• [Aim of the exercise] In the records below, begin at the line containing "Cách Tạo Bình Chọn Trên Zalo Bằng Điện Thoại" and end at the line containing "ПРОВЕРКА ЖЕРЛИЦ НА"; quote every line in that span exactly, including both boundary lines, and no others.
━━━
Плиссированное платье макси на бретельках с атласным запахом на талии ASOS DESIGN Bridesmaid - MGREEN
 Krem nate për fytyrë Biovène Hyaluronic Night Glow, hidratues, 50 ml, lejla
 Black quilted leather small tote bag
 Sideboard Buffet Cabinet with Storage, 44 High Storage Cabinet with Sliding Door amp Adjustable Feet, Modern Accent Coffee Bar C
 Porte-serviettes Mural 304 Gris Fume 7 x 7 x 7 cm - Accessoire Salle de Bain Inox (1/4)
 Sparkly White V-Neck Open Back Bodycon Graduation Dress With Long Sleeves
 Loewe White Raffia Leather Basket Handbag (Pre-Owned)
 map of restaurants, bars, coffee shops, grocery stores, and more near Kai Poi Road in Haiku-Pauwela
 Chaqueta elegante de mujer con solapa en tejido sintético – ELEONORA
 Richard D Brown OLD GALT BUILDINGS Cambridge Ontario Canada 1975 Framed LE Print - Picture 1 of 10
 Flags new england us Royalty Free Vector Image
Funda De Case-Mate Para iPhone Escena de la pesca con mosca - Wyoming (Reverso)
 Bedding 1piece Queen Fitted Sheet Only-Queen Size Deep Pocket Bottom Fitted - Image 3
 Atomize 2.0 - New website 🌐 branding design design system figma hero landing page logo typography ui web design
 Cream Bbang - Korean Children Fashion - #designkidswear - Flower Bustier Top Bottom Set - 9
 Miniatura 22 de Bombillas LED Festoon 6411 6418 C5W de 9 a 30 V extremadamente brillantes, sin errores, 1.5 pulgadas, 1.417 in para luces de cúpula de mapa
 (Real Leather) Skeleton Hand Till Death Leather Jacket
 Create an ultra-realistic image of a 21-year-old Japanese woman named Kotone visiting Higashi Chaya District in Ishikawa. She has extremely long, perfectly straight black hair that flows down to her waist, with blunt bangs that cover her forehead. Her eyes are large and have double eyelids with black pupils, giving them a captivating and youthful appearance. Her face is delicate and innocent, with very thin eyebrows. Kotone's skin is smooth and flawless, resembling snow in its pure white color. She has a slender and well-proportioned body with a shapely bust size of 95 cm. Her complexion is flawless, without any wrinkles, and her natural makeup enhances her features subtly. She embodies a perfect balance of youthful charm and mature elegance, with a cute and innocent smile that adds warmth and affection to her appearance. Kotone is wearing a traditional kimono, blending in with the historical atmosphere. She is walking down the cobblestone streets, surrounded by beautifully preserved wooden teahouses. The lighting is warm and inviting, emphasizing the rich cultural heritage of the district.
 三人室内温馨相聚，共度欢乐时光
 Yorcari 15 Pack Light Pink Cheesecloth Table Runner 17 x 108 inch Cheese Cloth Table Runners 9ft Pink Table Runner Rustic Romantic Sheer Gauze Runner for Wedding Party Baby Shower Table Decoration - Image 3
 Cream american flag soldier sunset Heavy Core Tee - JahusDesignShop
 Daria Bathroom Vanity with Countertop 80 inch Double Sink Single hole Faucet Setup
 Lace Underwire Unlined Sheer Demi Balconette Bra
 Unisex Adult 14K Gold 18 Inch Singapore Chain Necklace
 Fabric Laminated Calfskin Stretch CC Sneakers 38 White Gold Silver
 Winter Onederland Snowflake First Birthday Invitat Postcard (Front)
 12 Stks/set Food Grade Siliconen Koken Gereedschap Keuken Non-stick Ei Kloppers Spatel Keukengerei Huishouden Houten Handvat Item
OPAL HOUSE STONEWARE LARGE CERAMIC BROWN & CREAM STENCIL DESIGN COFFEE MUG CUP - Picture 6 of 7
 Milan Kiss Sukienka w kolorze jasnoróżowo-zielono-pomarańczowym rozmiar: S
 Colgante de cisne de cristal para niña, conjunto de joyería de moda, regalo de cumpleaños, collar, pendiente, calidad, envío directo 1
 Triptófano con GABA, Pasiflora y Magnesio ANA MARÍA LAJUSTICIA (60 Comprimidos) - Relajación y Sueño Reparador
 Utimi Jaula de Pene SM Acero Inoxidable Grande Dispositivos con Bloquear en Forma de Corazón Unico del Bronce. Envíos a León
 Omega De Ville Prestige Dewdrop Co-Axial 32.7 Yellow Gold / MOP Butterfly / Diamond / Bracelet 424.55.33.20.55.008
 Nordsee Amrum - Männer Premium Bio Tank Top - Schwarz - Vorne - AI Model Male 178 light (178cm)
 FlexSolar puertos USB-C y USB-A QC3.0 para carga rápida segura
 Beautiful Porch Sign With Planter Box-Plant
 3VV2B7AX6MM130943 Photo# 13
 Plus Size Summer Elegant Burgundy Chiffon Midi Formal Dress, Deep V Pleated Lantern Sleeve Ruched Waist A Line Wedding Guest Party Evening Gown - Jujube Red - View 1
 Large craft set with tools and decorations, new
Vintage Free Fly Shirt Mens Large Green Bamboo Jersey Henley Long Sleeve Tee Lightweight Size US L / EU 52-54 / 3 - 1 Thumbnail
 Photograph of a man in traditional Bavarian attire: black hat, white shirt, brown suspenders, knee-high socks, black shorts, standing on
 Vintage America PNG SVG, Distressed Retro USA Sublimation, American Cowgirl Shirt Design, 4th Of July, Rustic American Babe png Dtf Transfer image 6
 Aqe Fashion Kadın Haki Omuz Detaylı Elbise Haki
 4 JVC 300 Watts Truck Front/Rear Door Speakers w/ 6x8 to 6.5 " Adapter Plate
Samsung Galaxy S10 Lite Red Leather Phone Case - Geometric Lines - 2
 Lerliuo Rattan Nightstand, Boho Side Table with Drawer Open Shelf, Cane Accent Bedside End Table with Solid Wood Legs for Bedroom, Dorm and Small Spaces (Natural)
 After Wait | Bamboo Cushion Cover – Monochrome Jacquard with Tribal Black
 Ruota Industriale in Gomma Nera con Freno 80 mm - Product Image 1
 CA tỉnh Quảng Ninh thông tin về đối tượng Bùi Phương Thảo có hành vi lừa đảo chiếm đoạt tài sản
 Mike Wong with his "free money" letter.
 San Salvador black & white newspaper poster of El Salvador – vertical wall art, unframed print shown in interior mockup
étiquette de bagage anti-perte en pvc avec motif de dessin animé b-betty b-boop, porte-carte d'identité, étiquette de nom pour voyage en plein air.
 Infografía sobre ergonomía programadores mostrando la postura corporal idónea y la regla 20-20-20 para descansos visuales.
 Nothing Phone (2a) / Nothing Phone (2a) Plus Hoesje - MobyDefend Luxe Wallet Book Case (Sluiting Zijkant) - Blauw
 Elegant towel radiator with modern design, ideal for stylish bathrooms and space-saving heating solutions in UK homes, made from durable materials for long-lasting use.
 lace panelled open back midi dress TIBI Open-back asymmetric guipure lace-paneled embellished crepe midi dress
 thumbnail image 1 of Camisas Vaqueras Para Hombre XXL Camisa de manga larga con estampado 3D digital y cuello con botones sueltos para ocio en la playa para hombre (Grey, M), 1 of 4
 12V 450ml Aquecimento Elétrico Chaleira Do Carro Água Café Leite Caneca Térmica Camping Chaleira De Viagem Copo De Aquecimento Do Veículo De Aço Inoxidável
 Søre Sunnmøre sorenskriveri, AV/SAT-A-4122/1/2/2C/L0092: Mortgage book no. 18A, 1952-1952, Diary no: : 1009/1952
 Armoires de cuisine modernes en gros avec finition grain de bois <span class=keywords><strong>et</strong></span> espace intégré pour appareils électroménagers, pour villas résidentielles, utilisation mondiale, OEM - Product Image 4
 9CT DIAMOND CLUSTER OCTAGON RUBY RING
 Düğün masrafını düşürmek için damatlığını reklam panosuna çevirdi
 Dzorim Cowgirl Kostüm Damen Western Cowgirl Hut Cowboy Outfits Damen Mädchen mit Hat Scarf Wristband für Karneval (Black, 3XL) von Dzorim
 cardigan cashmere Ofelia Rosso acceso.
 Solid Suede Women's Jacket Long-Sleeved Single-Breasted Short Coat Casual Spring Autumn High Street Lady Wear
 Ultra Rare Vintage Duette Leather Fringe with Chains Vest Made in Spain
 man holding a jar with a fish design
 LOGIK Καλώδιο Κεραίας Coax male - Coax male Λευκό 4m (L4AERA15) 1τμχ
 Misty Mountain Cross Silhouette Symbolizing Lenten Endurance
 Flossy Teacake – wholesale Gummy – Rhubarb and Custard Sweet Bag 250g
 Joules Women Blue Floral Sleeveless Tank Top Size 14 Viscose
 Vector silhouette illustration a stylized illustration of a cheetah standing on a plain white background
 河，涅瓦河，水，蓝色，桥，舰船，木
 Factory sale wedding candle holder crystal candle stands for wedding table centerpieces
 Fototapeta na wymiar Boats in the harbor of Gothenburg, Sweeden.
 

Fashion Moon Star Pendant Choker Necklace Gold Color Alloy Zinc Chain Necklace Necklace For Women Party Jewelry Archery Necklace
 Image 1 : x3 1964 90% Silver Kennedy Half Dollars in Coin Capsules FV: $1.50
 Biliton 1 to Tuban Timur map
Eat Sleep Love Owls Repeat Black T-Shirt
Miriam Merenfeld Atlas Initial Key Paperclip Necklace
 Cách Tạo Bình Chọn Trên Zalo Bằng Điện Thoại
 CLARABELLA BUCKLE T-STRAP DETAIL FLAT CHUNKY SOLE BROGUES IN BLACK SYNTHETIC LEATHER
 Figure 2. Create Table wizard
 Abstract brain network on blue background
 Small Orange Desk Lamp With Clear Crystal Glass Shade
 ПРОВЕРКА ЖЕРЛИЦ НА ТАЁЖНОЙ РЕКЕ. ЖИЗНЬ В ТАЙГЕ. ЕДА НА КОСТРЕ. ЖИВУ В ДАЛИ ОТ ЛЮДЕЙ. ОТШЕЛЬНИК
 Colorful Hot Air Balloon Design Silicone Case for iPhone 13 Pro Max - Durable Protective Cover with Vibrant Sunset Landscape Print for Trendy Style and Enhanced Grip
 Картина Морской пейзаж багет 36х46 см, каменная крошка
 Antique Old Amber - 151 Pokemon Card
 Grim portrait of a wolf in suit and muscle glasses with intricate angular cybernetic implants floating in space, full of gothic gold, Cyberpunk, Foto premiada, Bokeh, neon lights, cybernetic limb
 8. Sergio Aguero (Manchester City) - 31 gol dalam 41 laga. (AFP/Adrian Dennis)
━━━
• [Solution]
 Cách Tạo Bình Chọn Trên Zalo Bằng Điện Thoại
 CLARABELLA BUCKLE T-STRAP DETAIL FLAT CHUNKY SOLE BROGUES IN BLACK SYNTHETIC LEATHER
 Figure 2. Create Table wizard
 Abstract brain network on blue background
 Small Orange Desk Lamp With Clear Crystal Glass Shade
 ПРОВЕРКА ЖЕРЛИЦ НА ТАЁЖНОЙ РЕКЕ. ЖИЗНЬ В ТАЙГЕ. ЕДА НА КОСТРЕ. ЖИВУ В ДАЛИ ОТ ЛЮДЕЙ. ОТШЕЛЬНИК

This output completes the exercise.